Most democracies worship the executive. Americans obsess over their president's first hundred days; the French parse every Élysée mood; Britons track their prime minister's approval ratings like a fever chart. Switzerland, meanwhile, has seven presidents serving simultaneously, rotating the ceremonial top job annually, and the average Swiss citizen would struggle to name more than two of them. This is not a bug. It is the most successful constitutional experiment the modern world refuses to study.

The Federal Council — the Bundesrat in German, Conseil fédéral in French — is Switzerland's collective head of state and government. Seven members, elected by parliament, serve four-year terms with no limit. There is no prime minister, no first among equals in any meaningful sense. The presidency rotates each January, but the title confers little beyond the duty to chair meetings and greet foreign dignitaries. Decisions are made by consensus or, failing that, simple majority vote — and crucially, once a decision is reached, all seven councillors must defend it publicly, regardless of how they voted privately.

The magic formula that isn't

From 1959 to 2003, the council's composition followed an unwritten "magic formula": two seats each for the three largest parties, one for the fourth. This arrangement was never law, merely convention — a gentleman's agreement among factions that understood stability required proportional buy-in. When the Swiss People's Party surged in popularity and demanded a second seat, the formula bent. It has since become more fluid, but the underlying logic persists: major political forces must be represented in government, not frozen out as opposition.

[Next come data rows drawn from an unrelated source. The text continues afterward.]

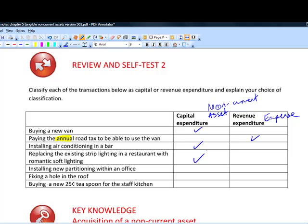Installing new partitioning within an office is also capital expenditure. It's expected to increase office efficiency — people work better with private or partitioned space — and it will give a benefit for more than one period, lasting more than 12 months from installation. So it's an item of non-current assets and capital expenditure.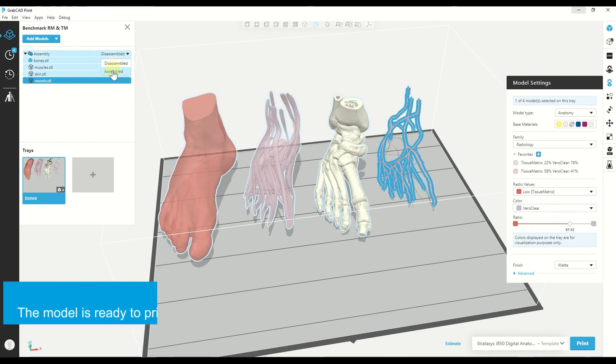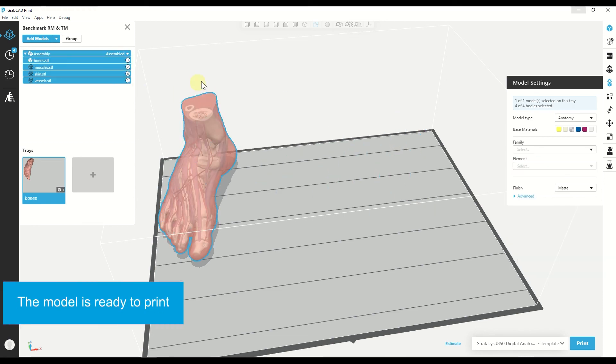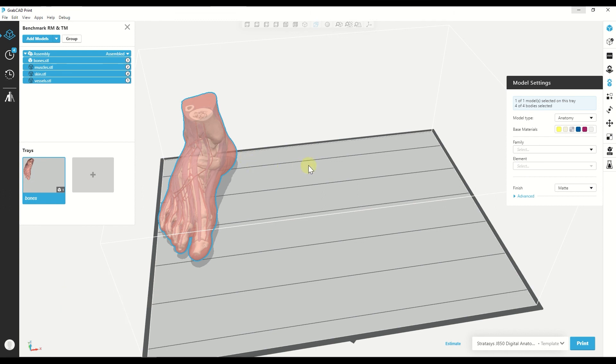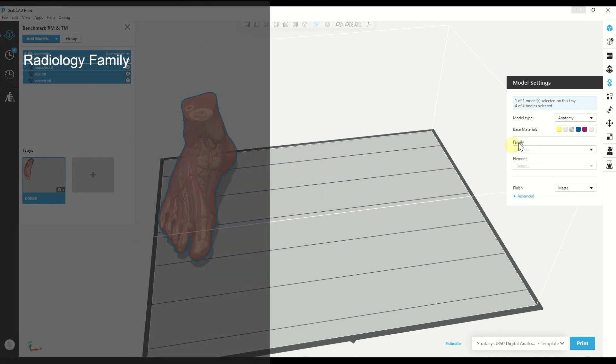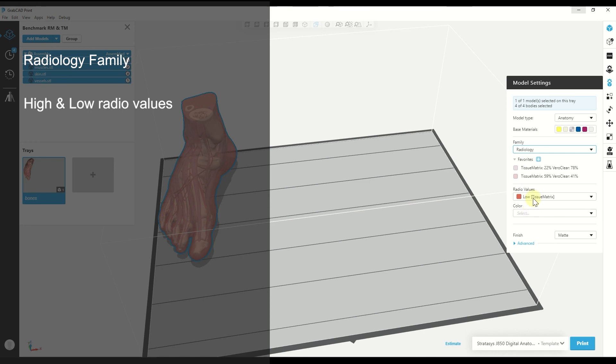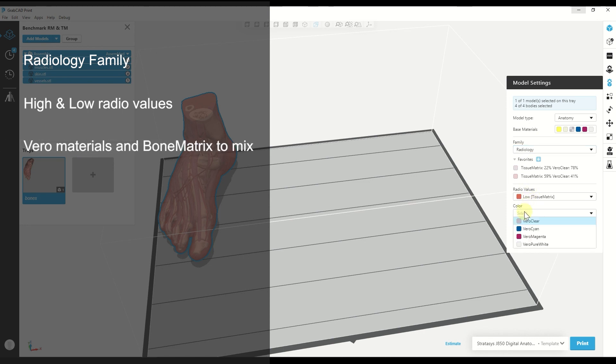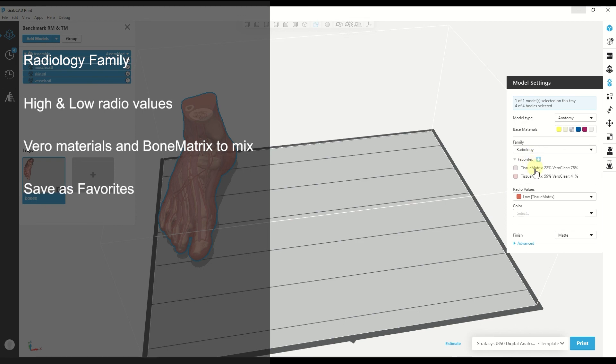And that's it. Now we can print the model. So we learned about the radiology family. We have two radio values that we can choose from, the high and the low, and the different materials that we can mix it with, which are the Vero materials and bone matrix. We also have the favorites that we can save a material mixture that we like and use it for later.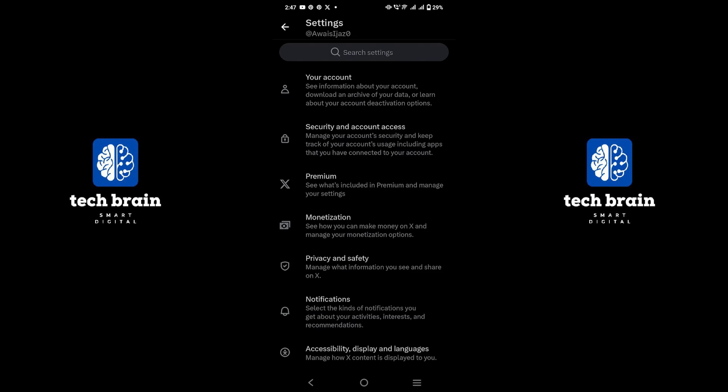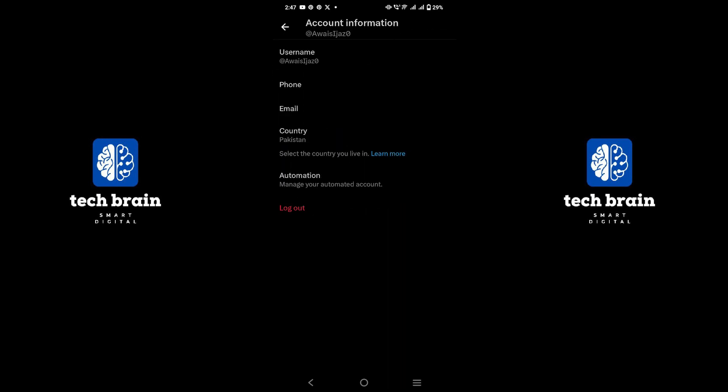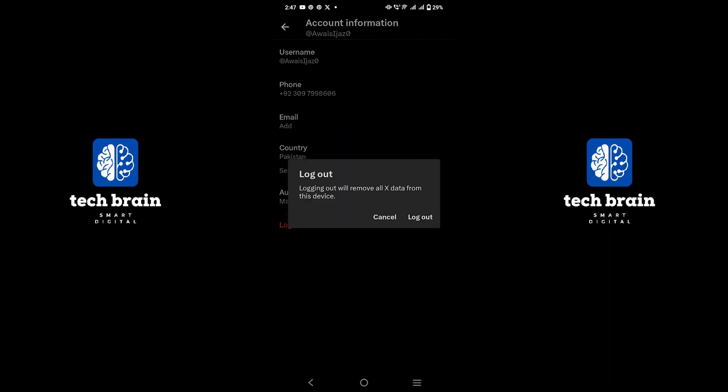Go to your account and select Account Information. You will see a Logout button. Tap on it and choose the Logout button.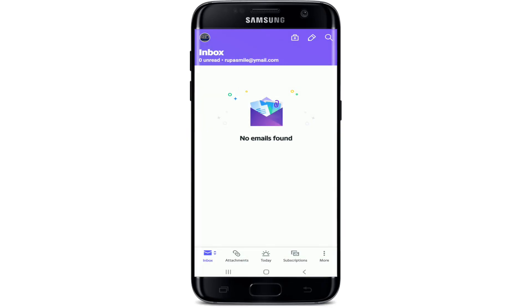With this, all the messages that were in my inbox have been deleted. That is how you can delete all emails on your Yahoo application. I hope the tutorial was helpful to you.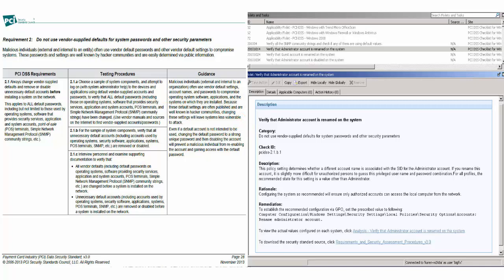With BigFix compliance, instant visibility into the configurations of systems within a globally distributed infrastructure is achievable.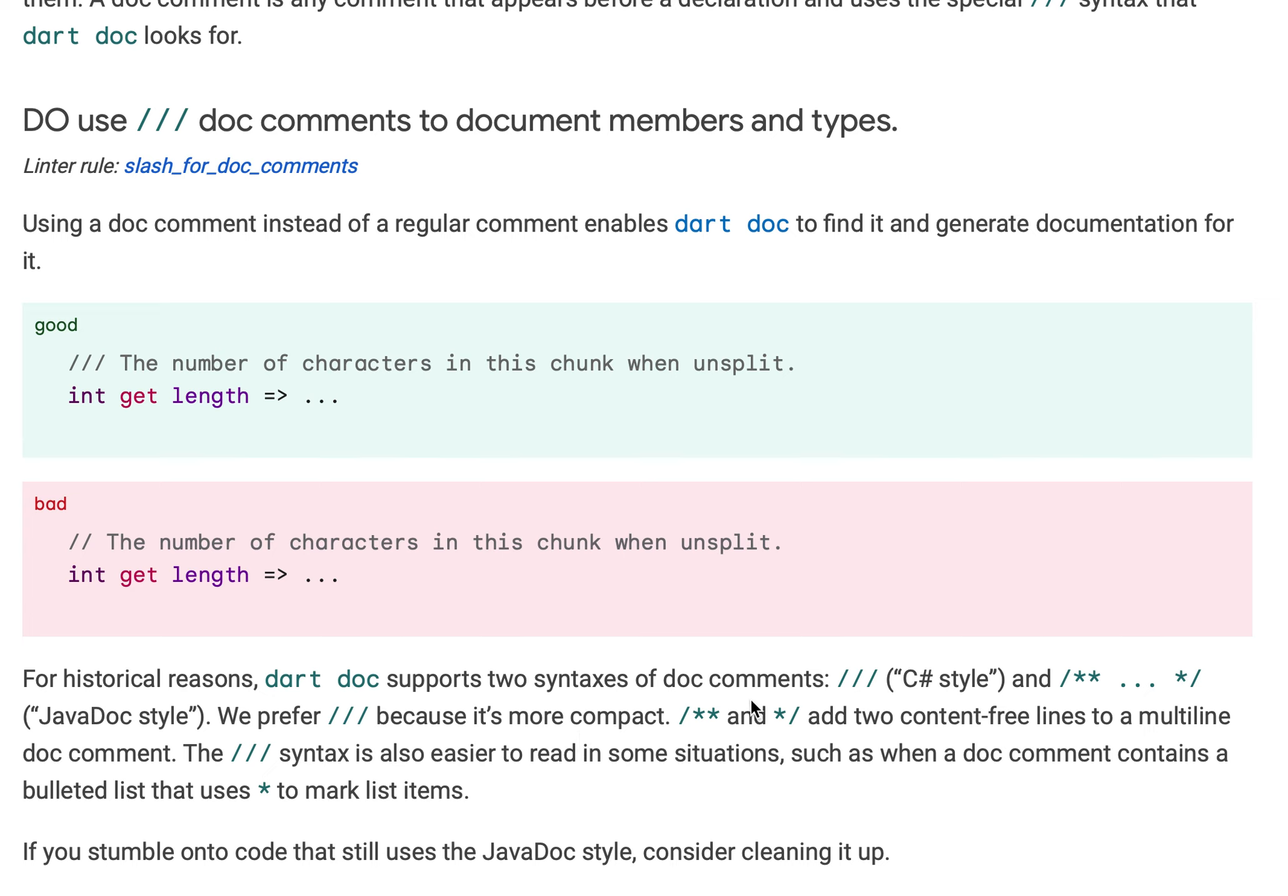The slash star star syntax adds content-free lines to a multi-line document. Triple slash is easier to read in some situations, for example if it contains a bulleted list.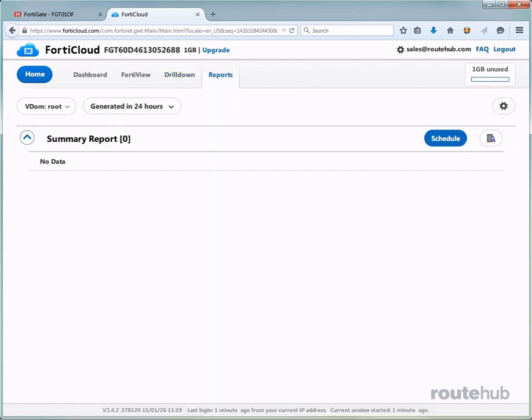This is where you can schedule summarized reports to be sent by email. This type of report is enabled by default and will be sent every day. I'll show you later an example of a summary report once we generate a lot of traffic.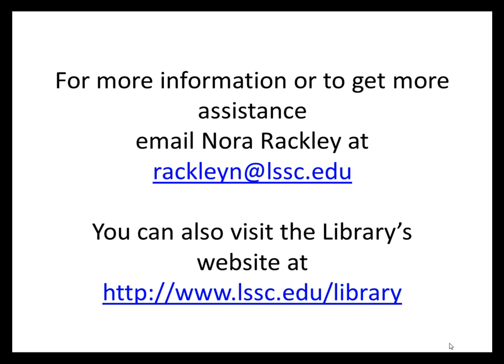For more information or to get more assistance, email Nora Rackley or visit the library's website.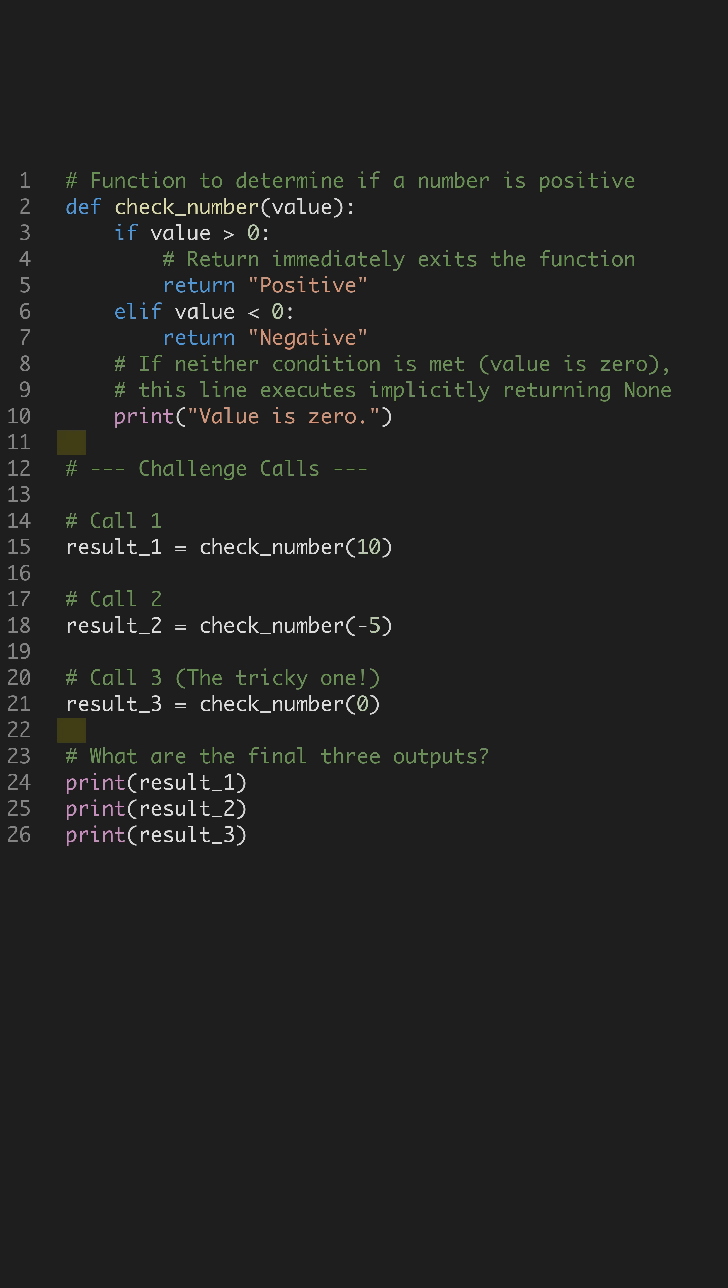Now for the trick. When zero is passed, neither if nor else if is met. So Python continues to the final lines.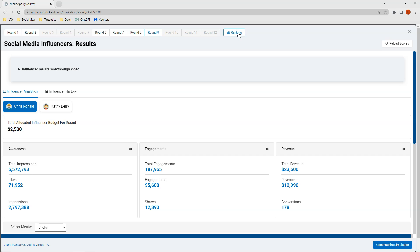Clicking on rankings for round nine, I'm ranked number three in impressions and number 16 in revenue for this week. You might want to try my strategy of using Chris Rinald again, use Ryan Ball instead of Kathy Berry, or try influencers you've never used before. Let me know if you have questions in the comments, and share which influencers you selected and who your top performers are. See you next week for round ten!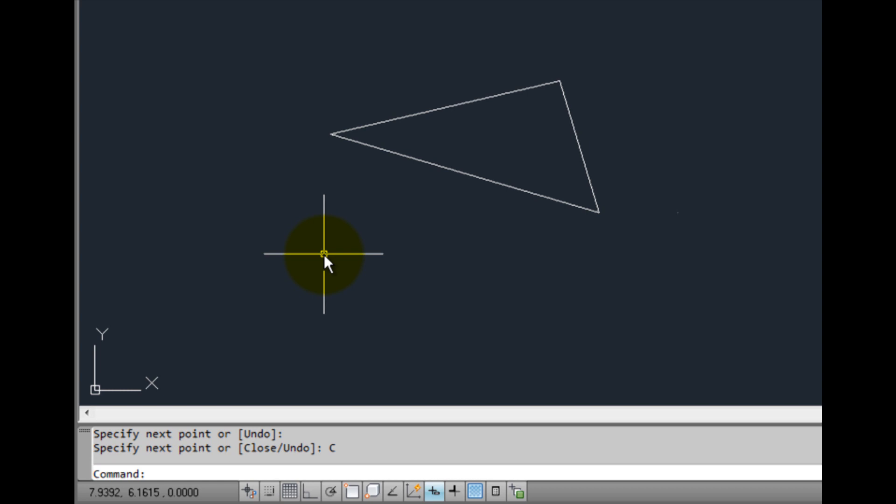I can tell that the command has ended, because not only does AutoCAD display the word COMMAND in the command window, but there's no longer a dynamic input prompt adjacent to my cursor.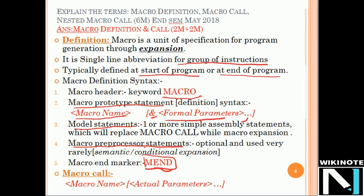Now we will see the macro call. When we are calling a macro, the macro is always called with the name of the macro. While defining the macro, if you are using some formal parameters, then at the time of calling the macro, these formal parameters must be replaced with the actual parameters of your main program.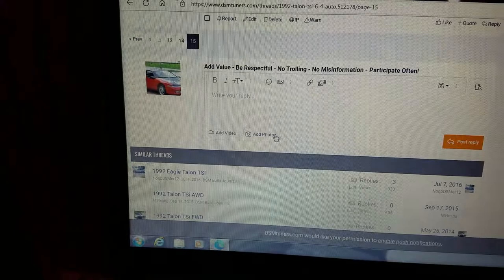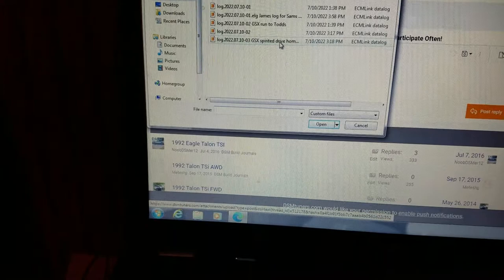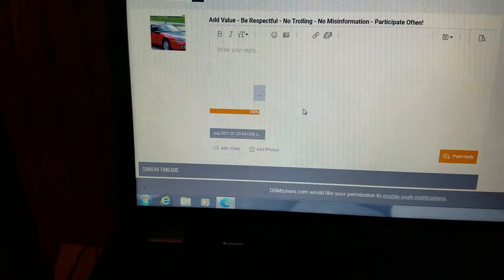Go to your last thread and click 'add photos.' Pick the log that you want to load, click it and tell it open. And there you have your file loaded.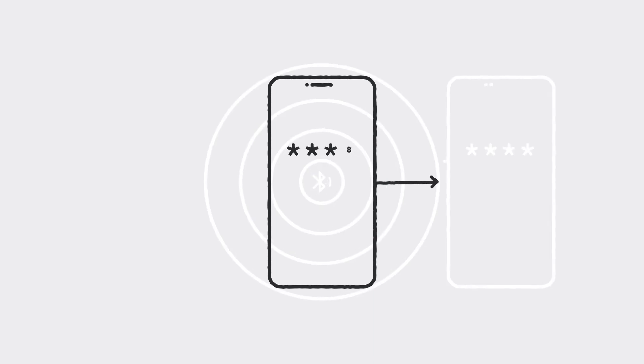Then, using Bluetooth, anytime your phone detects another phone close by that's also opted in, the two exchange those encrypted numbers. If, in the future, someone tests positive for COVID-19, they can add that positive result in their app.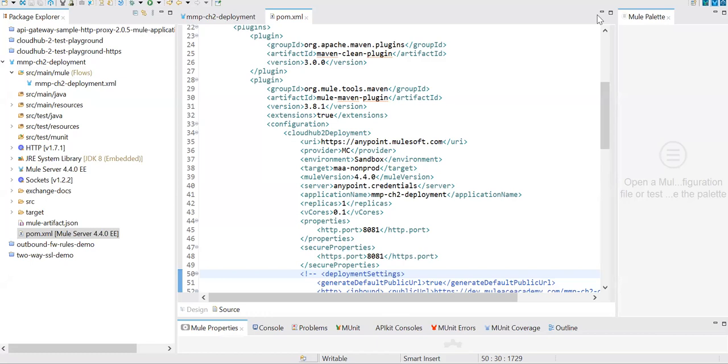If I don't pass the deployment settings, the public URL won't get enabled for our apps deployed under CloudHub 2.0. In this session, we'll see how we can hardcode the public URL if you have a custom domain, or generate a random URL if you want to generate the default public URL.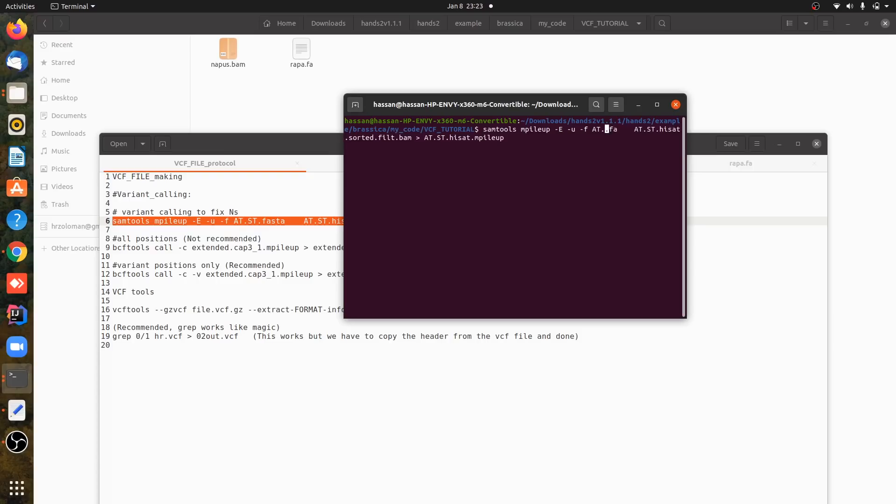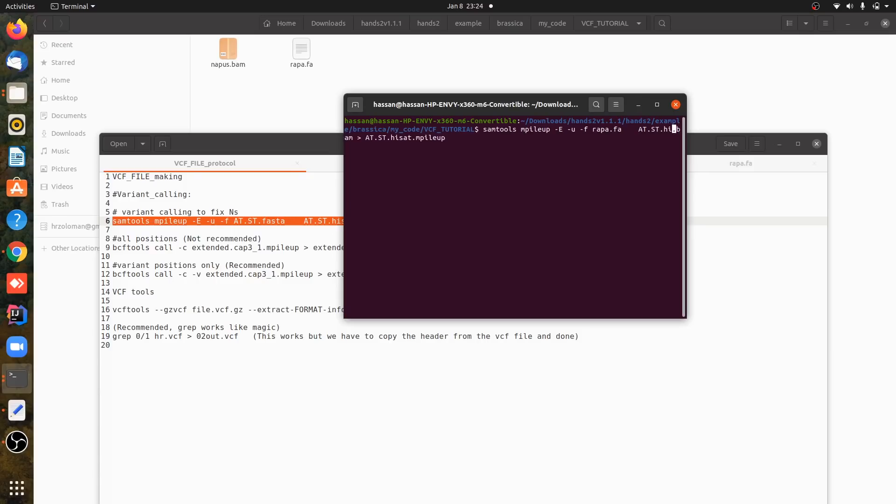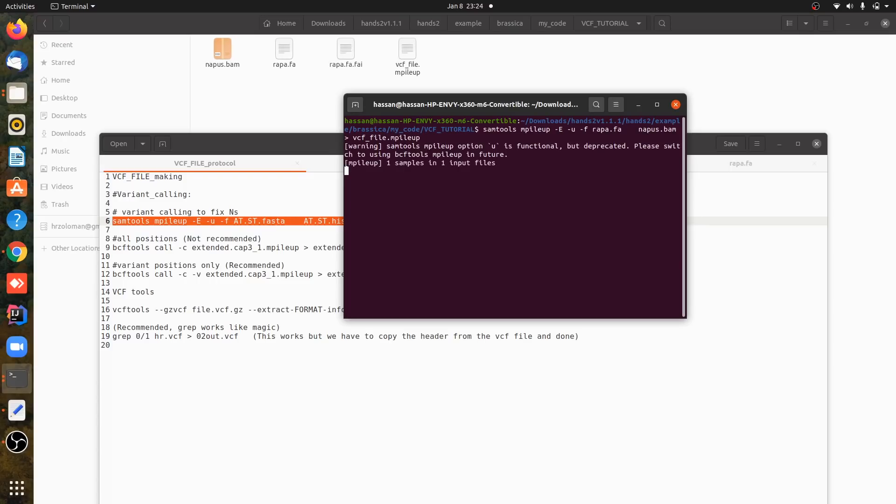And the other one is a bam file, which is nepus.bam in my case. So nepus.bam, and it will give me a VCF file. mpileup will be generated immediately. So VCF file mpileup has been generated successfully.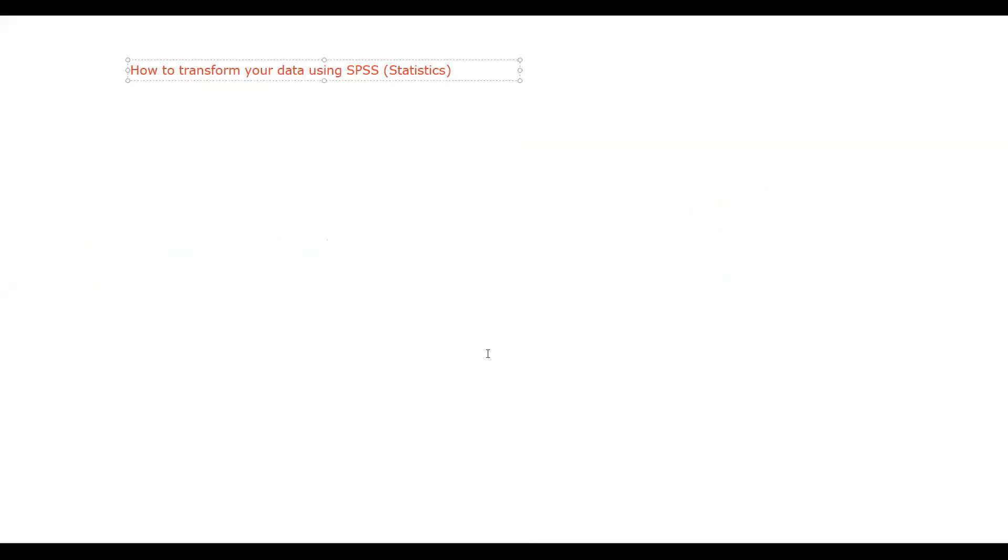Hello everyone, I'm Abhishek. Now I'm going to present how to transform your data using SPSS Statistics. We have different versions of statistics. One of the tools is SPSS Statistics. I'm using this one for today's video.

This stands in stark contrast to winner-take-all systems. In Westminster democracies, a party with 35 percent of the vote can govern alone. In Switzerland, a party with 35 percent gets roughly 35 percent of executive power — and must then compromise with colleagues who represent the other 65 percent. The incentive structure rewards pragmatism over purity.

Collegiality as constitutional culture

The system's most counterintuitive feature is the collegiality principle. A councillor may privately oppose a policy — on immigration, on banking secrecy, on European relations — but once the council votes, she must publicly champion it as though it were her own. Dissent is permitted in the meeting room; it is forbidden at the press conference. This forces politicians to own collective outcomes rather than grandstand against their own government.

Critics argue this stifles accountability. If everyone is responsible, no one is. Supporters counter that it eliminates the theatrical opposition that paralyzes other democracies. Swiss governance is boring by design. Boring, in this reading, is a feature.

Our take

The Federal Council will never be exported. It requires a political culture steeped in cantonal federalism, direct democracy, and linguistic compromise — conditions that took centuries to cultivate. But its core insight is portable: executives work better when power is diffused and consensus is mandatory. The model suggests that democracies obsessed with strong leaders might be solving the wrong problem. Switzerland's answer to polarization is not a better president. It is seven adequate ones, forced to agree.